Frances used our then-new Summicron 75/2 for this picture, though we have forgotten which camera body it was on. Obviously it would have been impossible to stop down far enough to keep both the foreground and the background in focus, but in any case she wanted to create the impression of moving through woods, and seeing the windmill in the clearing. You would naturally concentrate on the mill and only half-notice the foliage. Film was Kodak Tri-X and the print is on Ilford Multigrade Warmtone.

Image size and depth of field

As soon as you think about it, you can see very easily why the smaller formats have more depth of field. A frame filling image on a bigger format is necessarily bigger on the film (or sensor) than a frame filling image on a smaller format.

An inevitable result of this is that selective focus can be difficult or impossible if you use a very small format (especially the smaller digital formats) or slow lenses (especially slow zooms on digital cameras). At the other extreme, with a long enough lens on a big enough format, especially close up, depth of field can be tiny even at f/8 -- or f/7.7, as in the portrait of Holly, above.

Focal length and depth of field

'Everyone knows' that wide-angle lenses have more depth of field -- and everyone is pretty much right. Strictly and pedantically, depth of field depends on the degree of magnification on the film or sensor. An image that is recorded at (say) one-tenth life size, at a given aperture of (say) f5.6, will have the same depth of field regardless of the focal length of the lens.

In the real world, however, wide-angles are normally used to 'get more in', rather than to allow the same picture to be taken from closer to the subject. As a result, they do indeed have more depth of field. Likewise, longer lenses are used to 'pull things in', rather than to allow the same picture to be taken from further away.

Well, bucket, frost

Yet another shot taken (by Roger) with the 135/2.8 Elmarit-M on the Leica M8: we had just got the lens when we wrote this module and had only had the camera for a few weeks. The perspective on the well-head is slightly compressed, but perhaps more importantly, it stands out all the more clearly against the out-of-focus background, even at f/5.6 or so. The apparent 'sharpening' which is most apparent on the winding handle is actually nothing but a frosty edge. Contrast was somewhat increased in Adobe Photoshop but that is the only real change to the DNG (RAW) file.


well close-up


Perspective, viewpoint and depth of field

Another truism peddled by the pedants is that perspective depends solely on viewpoint.
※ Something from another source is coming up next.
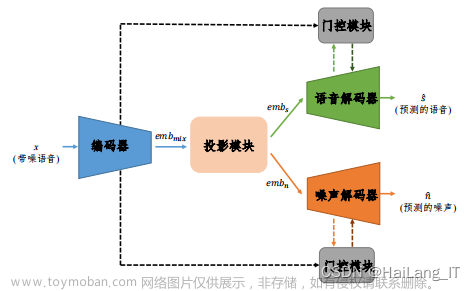 深度学习语音降噪,卷积神经网络,毕设选题教程,深度学习,课程设计,算法,语音识别,深度学习,人工智能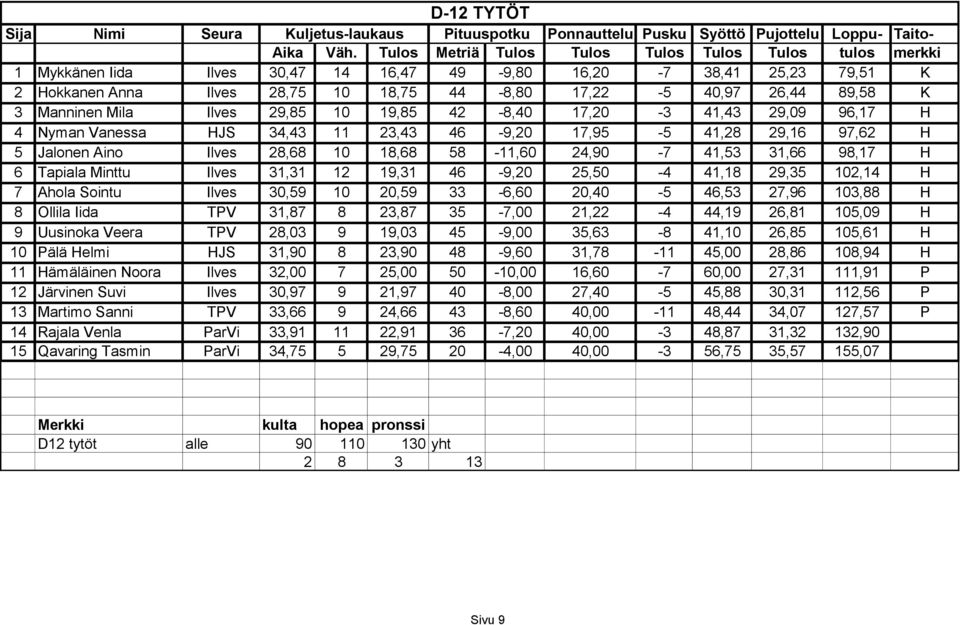 K 3 Manninen Mila Ilves 29,85 10 19,85 42-8,40 17,20-3 41,43 29,09 96,17 H 4 Nyman Vanessa HJS 34,43 11 23,43 46-9,20 17,95-5 41,28 29,16 97,62 H 5 Jalonen Aino Ilves 28,68 10 18,68 58-11,60 24,90-7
Well, yes, sort of -- provided the pictures are enlarged to the appropriate degree and viewed from the appropriate distance (which may not always be possible). There is a whole paid module on perspective and the illusion of depth, and once again, in the real world, both perspective and depth of field are heavily influenced by choice of focal length.

Using depth of field scales

Depth of field scales on lenses used to be taken for granted, but they should always be treated with some reserve until you are familiar with a particular lens. There are, after all, no absolute standards for depth of field: the manufacturer must make certain assumptions about enlargement size and what is acceptable.

Reputedly -- we have never verified this scientifically, but it certainly looks as if it was the case -- the d-o-f scales on 1930s Contax rangefinder cameras were based on considerably less stringent criteria than those on Leicas of the same period. The Contax, it is said, assumed postcard-sized enlargements (3½ x 5 inches, 89 x 127mm), while Leicas assumed whole-plate enlargements (6½ x 8½ inches or 165 x 216mm). Contax lenses therefore had more generous d-o-f scales, though of course, the d-o-f was identical in both cases.


roger, film box



As a rule of thumb, if we want a 'deep field' composition with a rangefinder camera, we normally use the next stop down. In other words, if we are shooting at f/8, we'll use the d-o-f scale for f/5.6, or if we're shooting at f/11, we'll use the d-o-f scales for f/8.


Depth of field previews

Another way to handle depth of field is to stop the lens down to the working aperture. This is a lot more reliable than using scales, but even then, it is easy to be misled or to fool yourself: it's a guide, not a true preview. If you have time and facilities, a very useful trick is to use bar-codes as a means of checking focus.


Roger and film box

Bar-codes provide a wonderful high-contrast focusing target, whether you're going for minimum depth of field (as Frances was here with our 8x10 in De Vere and 21 inch f/7.7 Ross on Ilford HP5 Plus) or 'deep field' in a still life. Just remember to remove the bar-codes before you shoot the final picture...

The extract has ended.